■ Brief:
Return a faithful copy of all the entries, omitting the images.

(Collected data entries)
- - -

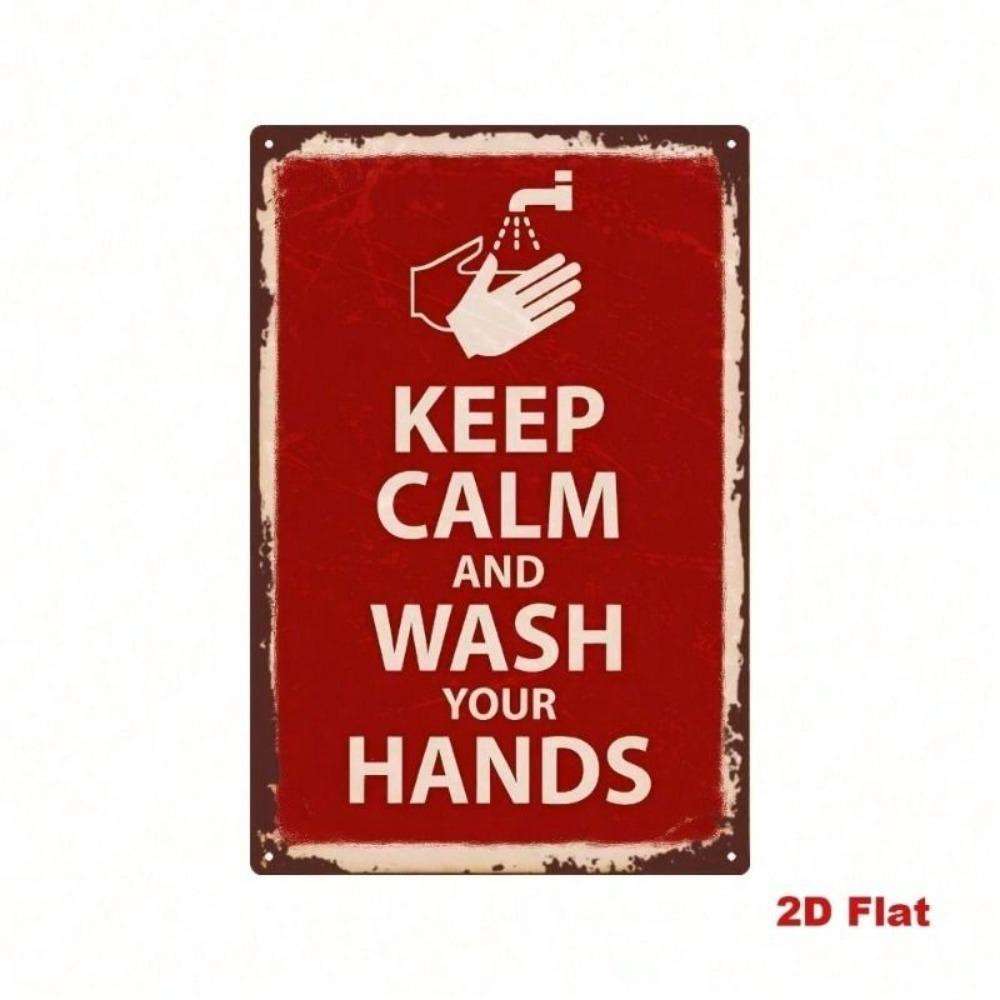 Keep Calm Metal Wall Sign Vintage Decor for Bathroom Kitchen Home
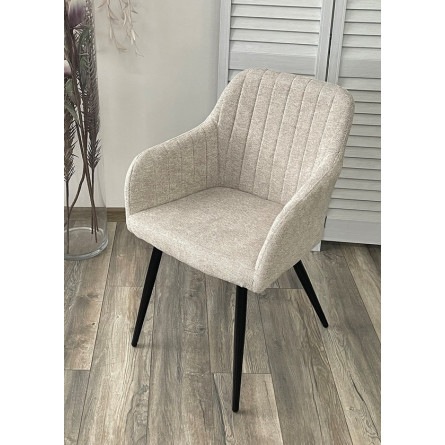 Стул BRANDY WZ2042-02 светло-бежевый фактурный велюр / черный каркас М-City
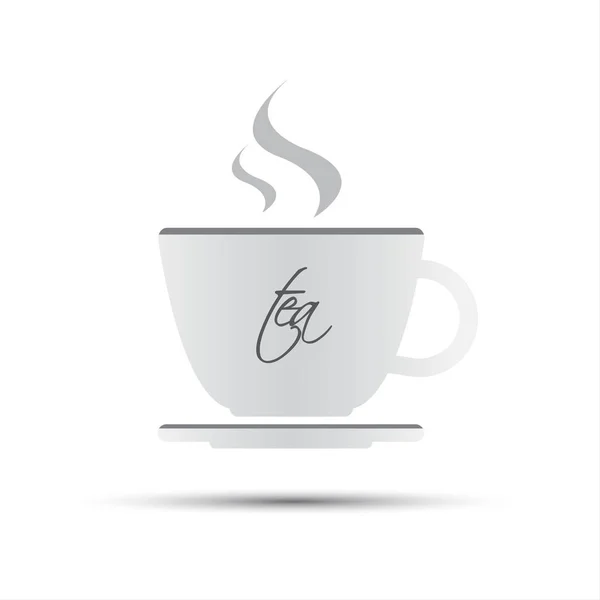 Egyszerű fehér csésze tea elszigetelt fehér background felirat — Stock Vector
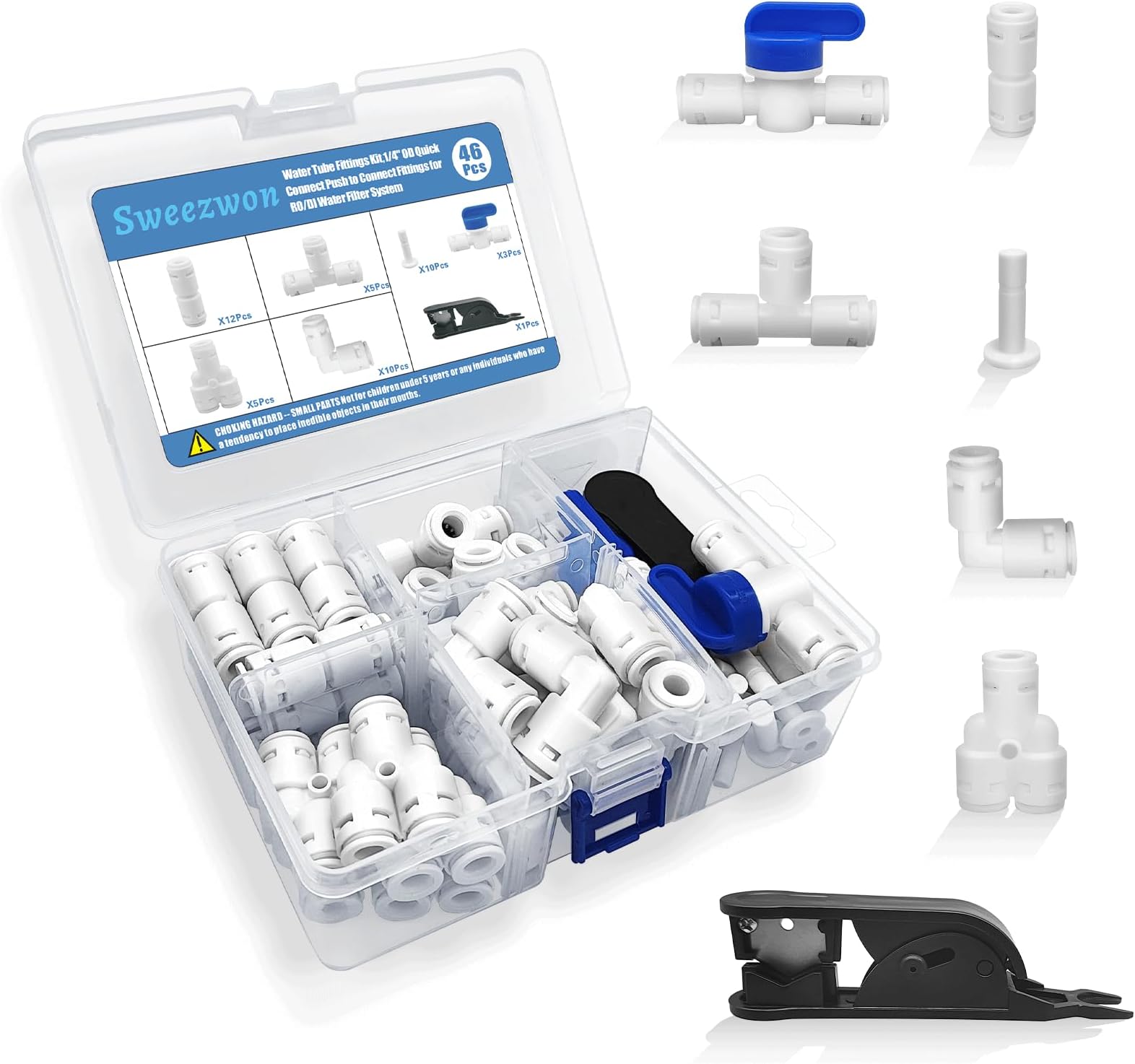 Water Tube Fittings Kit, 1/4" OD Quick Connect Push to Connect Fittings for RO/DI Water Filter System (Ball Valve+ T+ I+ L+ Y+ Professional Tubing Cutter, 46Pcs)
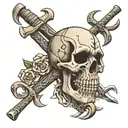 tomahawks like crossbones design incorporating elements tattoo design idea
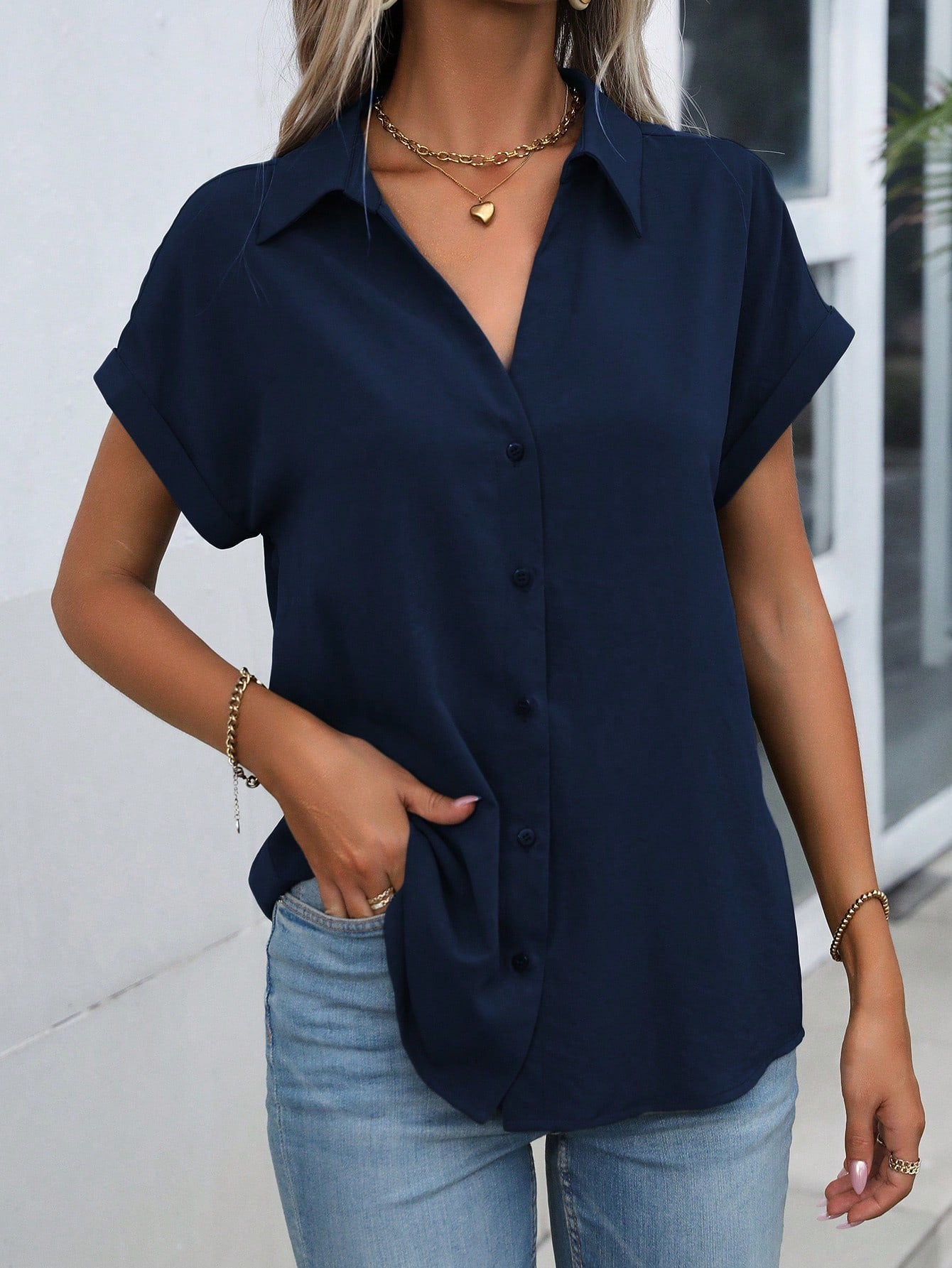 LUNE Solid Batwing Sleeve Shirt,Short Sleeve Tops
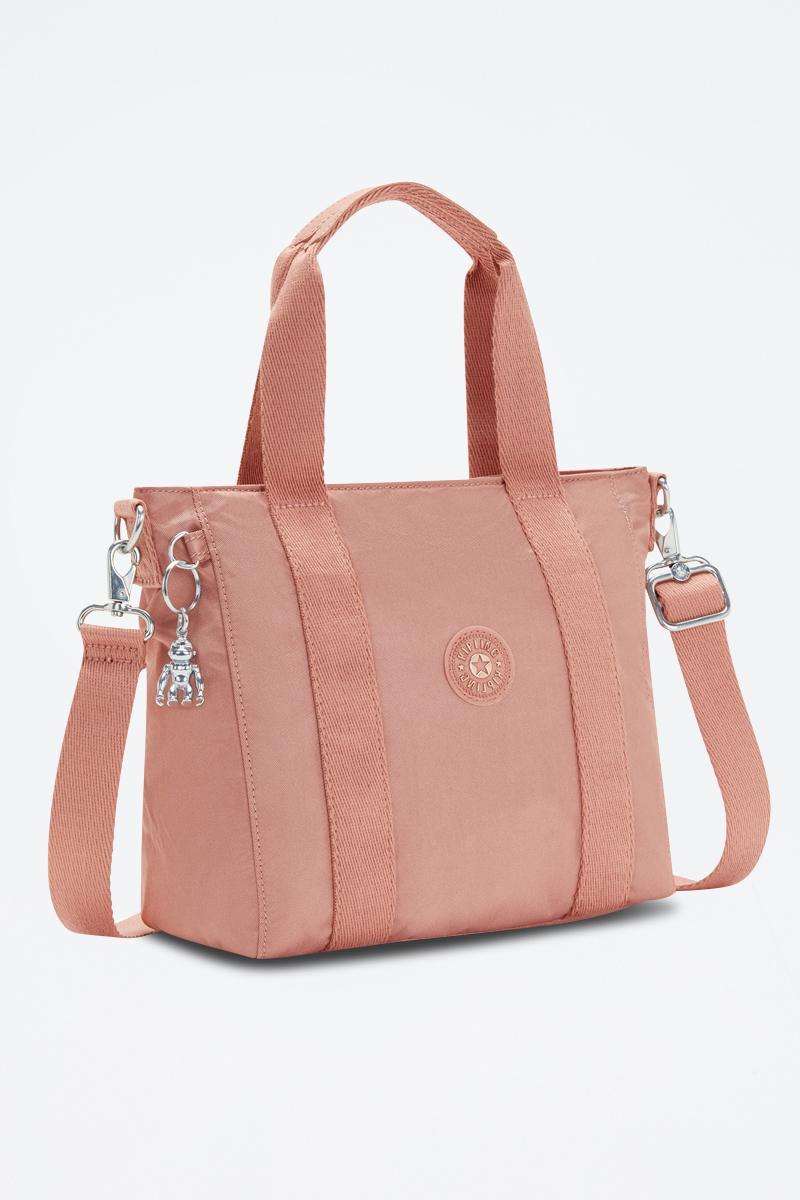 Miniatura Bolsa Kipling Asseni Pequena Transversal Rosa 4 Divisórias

- - -

■ Solution to this exercise:
 Keep Calm Metal Wall Sign Vintage Decor for Bathroom Kitchen Home
 Стул BRANDY WZ2042-02 светло-бежевый фактурный велюр / черный каркас М-City
 Egyszerű fehér csésze tea elszigetelt fehér background felirat — Stock Vector
 Water Tube Fittings Kit, 1/4" OD Quick Connect Push to Connect Fittings for RO/DI Water Filter System (Ball Valve+ T+ I+ L+ Y+ Professional Tubing Cutter, 46Pcs)
 tomahawks like crossbones design incorporating elements tattoo design idea
 LUNE Solid Batwing Sleeve Shirt,Short Sleeve Tops
 Miniatura Bolsa Kipling Asseni Pequena Transversal Rosa 4 Divisórias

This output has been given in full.